### Work to complete
Give again, exactly as written, the lines of the records below from the line with "La actualizacion del" to the line with "Unitek Stacja ładująca". Both end lines count; pictures do not.

***** Records to use *****

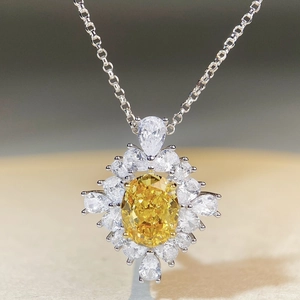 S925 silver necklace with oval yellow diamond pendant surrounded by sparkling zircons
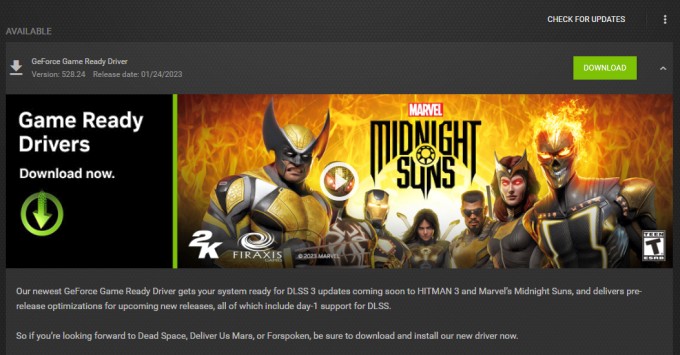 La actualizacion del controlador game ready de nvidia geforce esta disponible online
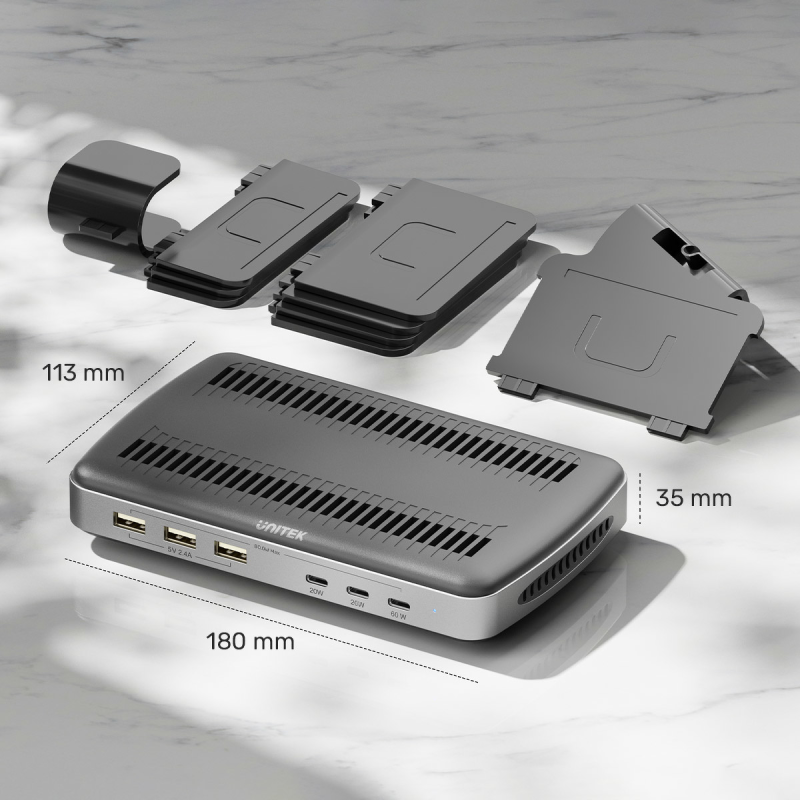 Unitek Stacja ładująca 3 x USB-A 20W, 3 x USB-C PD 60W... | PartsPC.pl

*****
***** Records to use *****

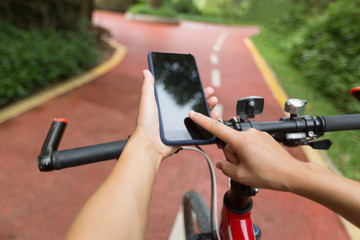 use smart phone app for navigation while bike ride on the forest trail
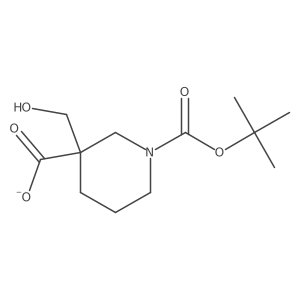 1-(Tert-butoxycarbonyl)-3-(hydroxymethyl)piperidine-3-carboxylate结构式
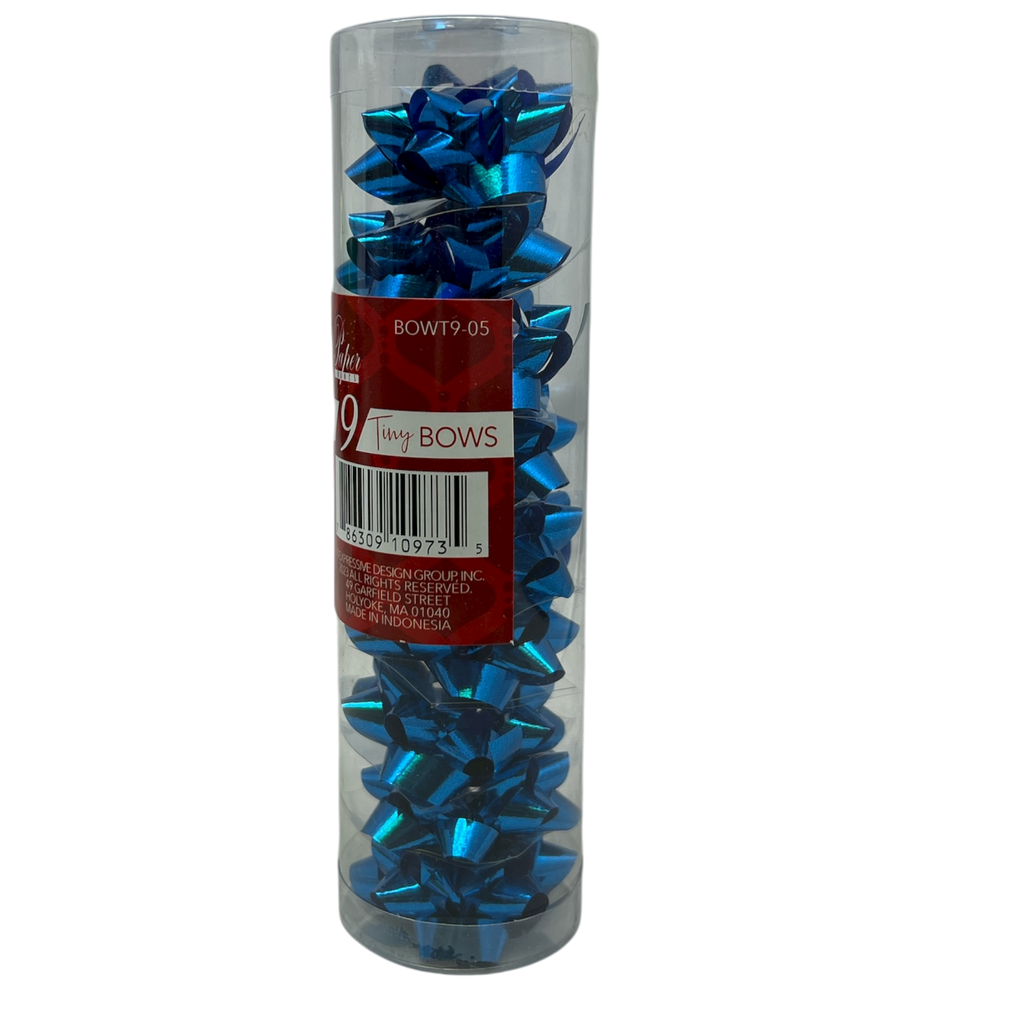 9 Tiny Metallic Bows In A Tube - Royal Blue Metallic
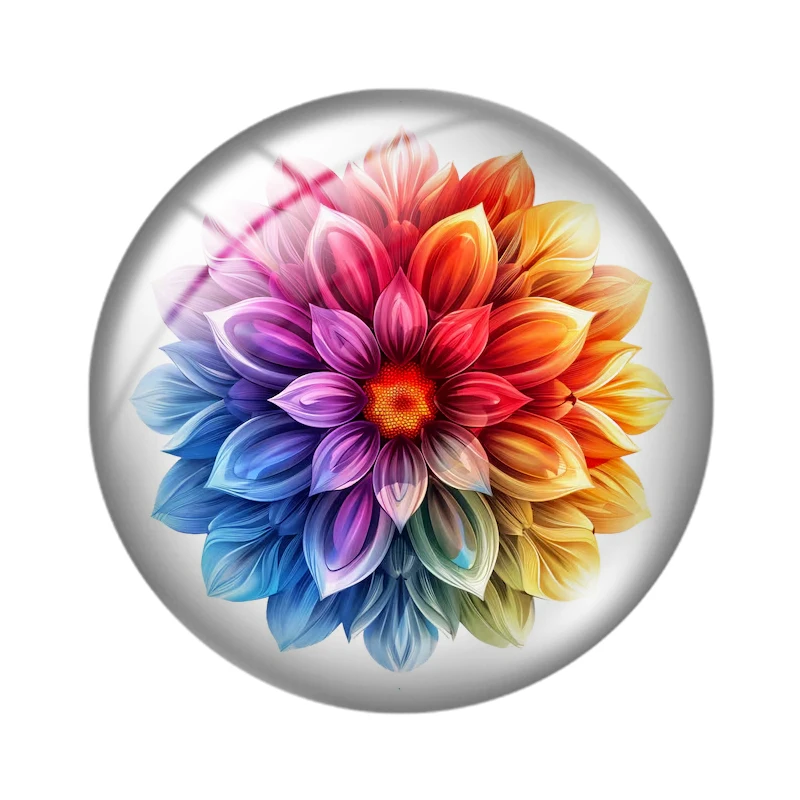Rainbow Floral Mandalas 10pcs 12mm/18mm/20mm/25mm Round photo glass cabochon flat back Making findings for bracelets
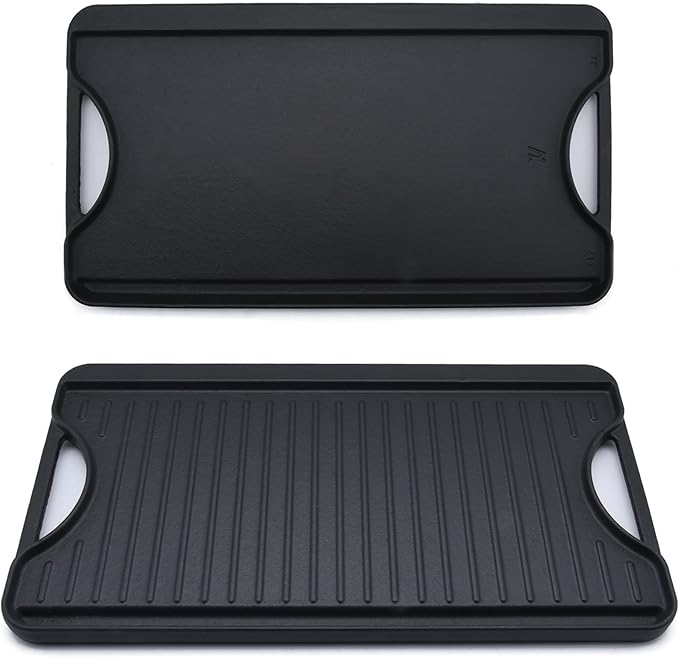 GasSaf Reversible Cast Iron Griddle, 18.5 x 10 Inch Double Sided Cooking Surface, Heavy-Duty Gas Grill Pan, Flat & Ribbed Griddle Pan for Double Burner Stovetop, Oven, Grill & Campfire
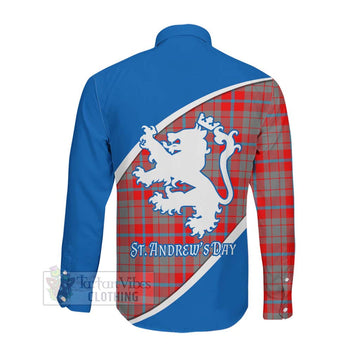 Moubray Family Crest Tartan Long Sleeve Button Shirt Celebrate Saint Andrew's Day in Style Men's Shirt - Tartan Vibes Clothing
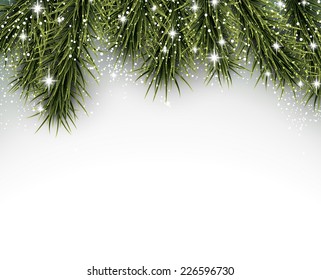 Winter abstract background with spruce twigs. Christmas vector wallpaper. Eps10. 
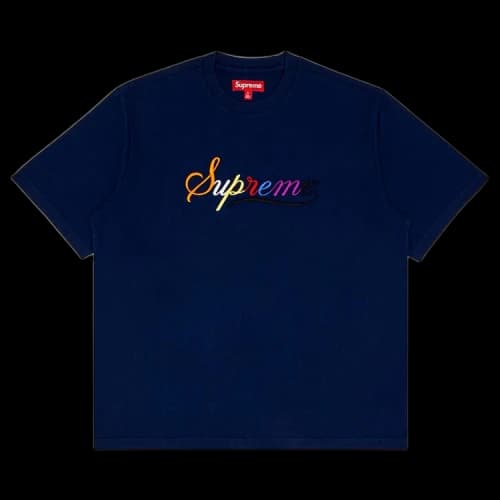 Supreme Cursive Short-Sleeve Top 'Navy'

*****

### Result below
 La actualizacion del controlador game ready de nvidia geforce esta disponible online
 Unitek Stacja ładująca 3 x USB-A 20W, 3 x USB-C PD 60W... | PartsPC.pl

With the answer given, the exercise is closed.